Hemingway Sportfishing Tournament, Havana. The author himself established this event in the 1950s and it still draws international competitors keen to win one of the world’s premier prizes for sportfishing. It’s hosted at Havana’s Hemingway Marina in June.
San Juan Camagüeyano (Carnival), Camagüey. Camagüey hosts its carnival in late June. It’s not quite equal to that of Rio de Janeiro, or even Santiago de Cuba, but the city resounds to conga rhythms and locals partying like there’s no tomorrow.
Festival del Fuego (Fiesta del Caribe), Santiago de Cuba. Santiago de Cuba hosts this week-long festival in early July as a celebration of pan-Caribbean music and dance. It features comparsas (carnival troupes), music concerts, and plenty of general street festivities.
Santiago de Cuba Carnival, Santiago de Cuba. Cuba’s largest and most flamboyant carnival spans the week of the 26 July celebrations, culminating in a cacophonous climax as the main parade winds down Avenida Jesús Menéndez.

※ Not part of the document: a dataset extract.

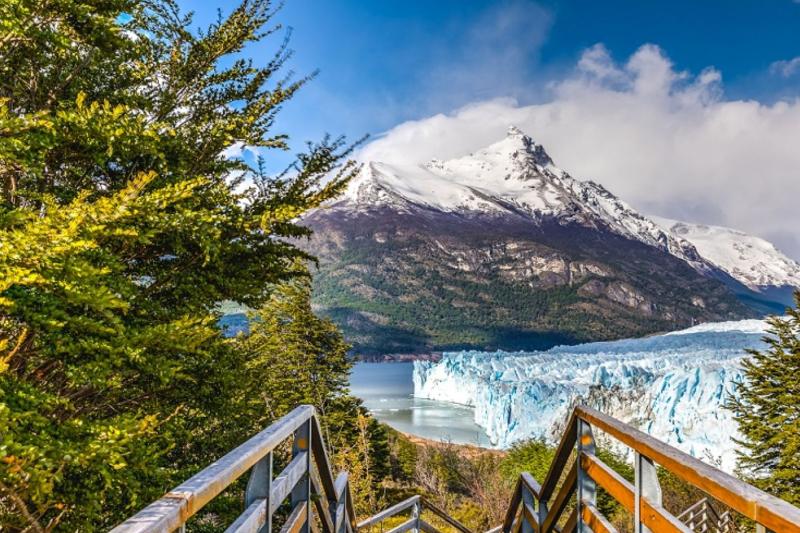 The Famous Perito Moreno Glacier with navigation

26 of July Celebrations (Dia de la Rebeldía Nacional), Santiago de Cuba & other cities. No other date on Cuba's revolutionary calendar is as important as the Day of National Rebellion. Every city celebrates at this time in July, with the Moncada barracks in Santiago de Cuba as the epicenter of activity. However, the main televised celebration rotates between cities every year. This being Cuba, you also get music concerts and plenty of street festivities wed to political speechifying.
Fall (September to November)
The weather stays very, very rainy in fall in Cuba, with September and October additionally the most likely months to experience hurricanes (although it should be said that hurricanes rarely affect visitors to Cuba too much). There is little escape from the rain either, as every part of the country pretty much suffers torrential rains.
The mountain regions of Santiago de Cuba and Guantánamo receive the highest rainfall of all. Temperatures are coming back down after their highs in the summer, with average highs in Havana no more than 86°F (30°C) in September/October, and often a lot lower. Continued rain, hurricanes, and cooler weather keep the visitors away: traveler numbers are at their lowest levels of the year in September and October, and only pick up again into November.
These months are good for lingering in the bigger cities such as Havana and Santiago de Cuba, with their wealth of indoor and cultural activities, and this sentiment is echoed by the fact these destinations have the best festivals of this season. See here for how to spend a perfect day in Havana. If you do choose to head to the countryside this month, Pinar del Río province might be the best bet. It is the driest part of a rather wet country right now, with tobacco planting in full swing, making this an interesting way to gain an insight into Cuban cigar making. If the rains come here, the area around Viñales has Cuba's most extensive caves: it could be time for a trip underground!
Festival de Son, Santiago de Cuba. Santiago de Cuba is the birthplace of son, the most quintessential and well-known of Cuba's traditional music genres. So, fittingly it hosts this annual October festival, when the nation’s top performers are joined by international artists. It also encompasses concerts and competitions spanning cha-cha-cha, danzón, mambo, and salsa.
Havana Ballet Festival, Havana. Cuba’s ballet corps are world-renowned, so count yourself lucky if your visit coincides with this October festival beloved of Cubans and held every two years. The main venue is the Gran Teatro Alicia Alonso de La Habana.
Havana Classical Music Festival, Havana. Concert halls, churches, and cultural centers throughout Havana in the middle of November host classical and chamber music in memory of 18th-century Cuban composer Estebán Salas.